■ **REQUIREMENT**: Your answer should be the lines below from the one with "instant pot refried" to the one with "115 Addison Street", both included, given again exactly and with nothing added.
RECORDS FOR THE TASK START
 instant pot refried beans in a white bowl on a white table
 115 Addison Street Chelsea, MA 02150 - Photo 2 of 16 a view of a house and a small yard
RECORDS FOR THE TASK END
RECORDS FOR THE TASK START
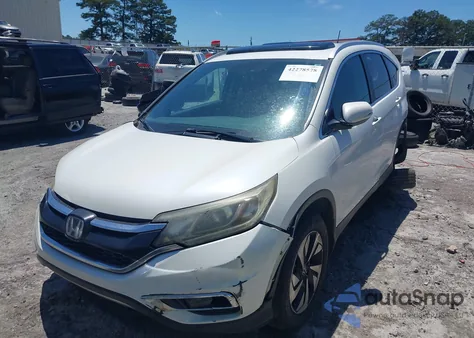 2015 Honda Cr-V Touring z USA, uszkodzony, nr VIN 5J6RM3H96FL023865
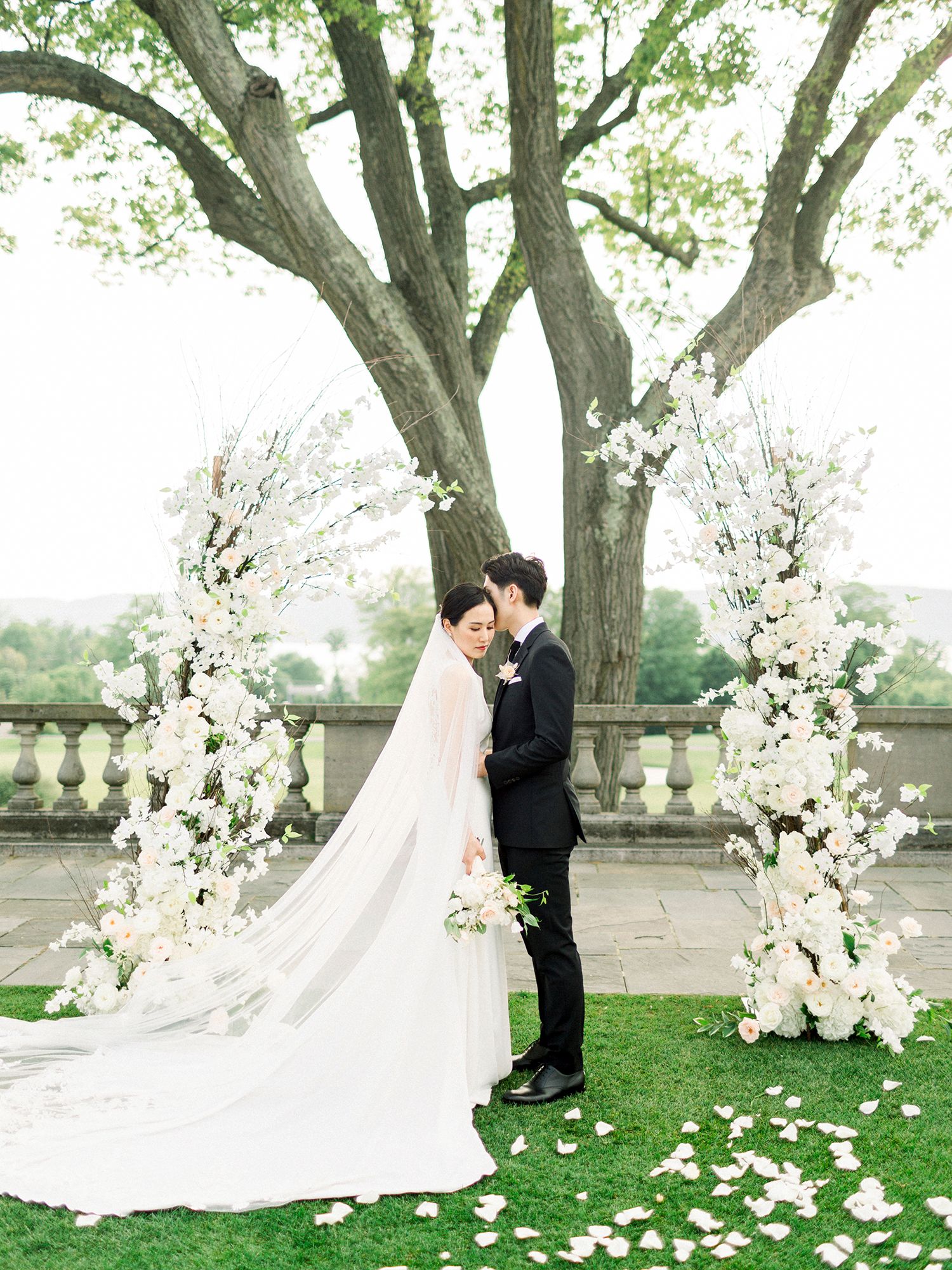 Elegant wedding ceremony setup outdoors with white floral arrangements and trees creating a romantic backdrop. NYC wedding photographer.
RECORDS FOR THE TASK END
■ **THE COMPLETED TASK**:
 instant pot refried beans in a white bowl on a white table
 115 Addison Street Chelsea, MA 02150 - Photo 2 of 16 a view of a house and a small yard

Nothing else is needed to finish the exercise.